EddieC 0 Posting Whiz in Training

ORLANDO, Florida—Thousands of software developers and testers converged here this week for the Software Testing Analysis and Review conference, better known as STAREAST. It’s one of just a few must-attend learning events for people in our field, and if you haven’t been to one of these events, you’re truly missing out.

Dozens of the testing industry’s top thinkers were here. Names like Jon Bach, Michael Bolton, Hans Buwalda, Paul Gerrard, Jonathan Kohl, Rob Sabourin, James Whittaker and many other “silver-tongued speaking pros,” as chair Lee Copeland put it, delivered full- and half-day pre-conference tutorials on Monday and Tuesday.

The rest of the week was filled with concurrent sessions of about an hour each (taught by many of the same folks) as well as by numerous testing practitioners like you. These are people who submitted papers describing their experiences solving their testing problems and challenges. “I like hearing people’s war stories,” Copeland told me at “Meet the Speakers” on Thursday, at which speakers make themselves available for casual conversation over a buffet lunch.

The further availability of speakers at book signings, open spaces and Lightning Talks, is part of what made STAREAST valuable and memorable. Another fun and unusual networking event was Casino Night. Following a catered expo reception, attendees were invited to play at Vegas-style gaming tables staffed by professional dealers and croupiers. Winnings are cashed in for chances to win from an impressive array of entertainment electronics (a la Sony Wii, iPod Touch, etc.) and gift and gas cards.

I had time for just one keynote, and it was delivered by Microsoft’s James Whittaker. “Testing Dialogues—In the Executive Suite” opened with a hilarious look at error dialogue boxes and the extremes of information they display. He ended with advise on how to fix our broken testing system of “last-minute heroics.”

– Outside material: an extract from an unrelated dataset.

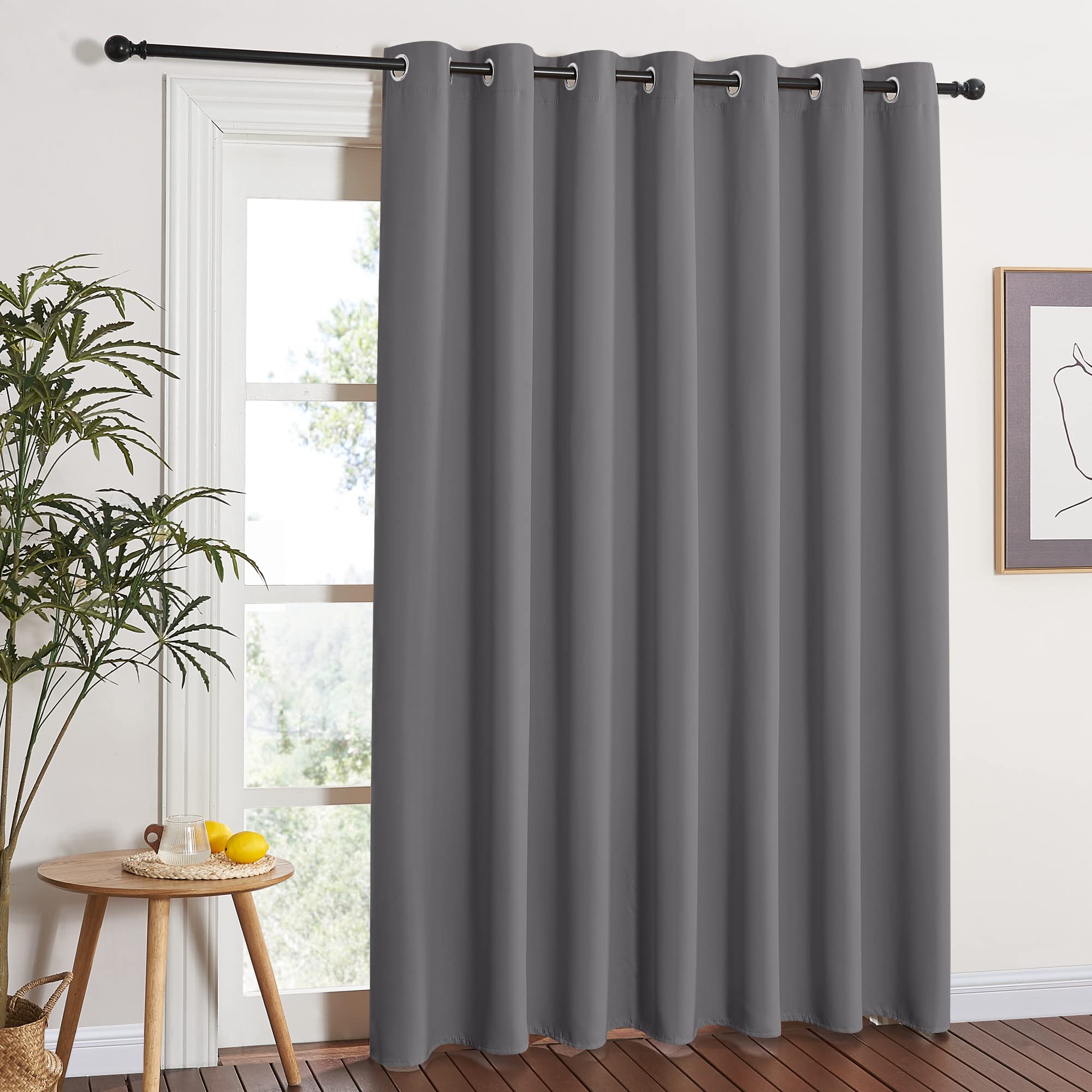 Foto 1 | Cortinas Nicetown Opacas Gris para Puerta de Patio 100 X 213 cm Gris - Venta Internacional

Your next chance to attend a STAR conference is in October, when STARWESTtakes place in Anaheim, Calif. An smaller event of similar quality and prestige is the Software Test & Performance Conference, or STPCon in Boston in September. Produced by BZ Media (my employer by day), I’m the chair of that conference and not ashamed to admit that I’ll be engaging in some sincere flattery.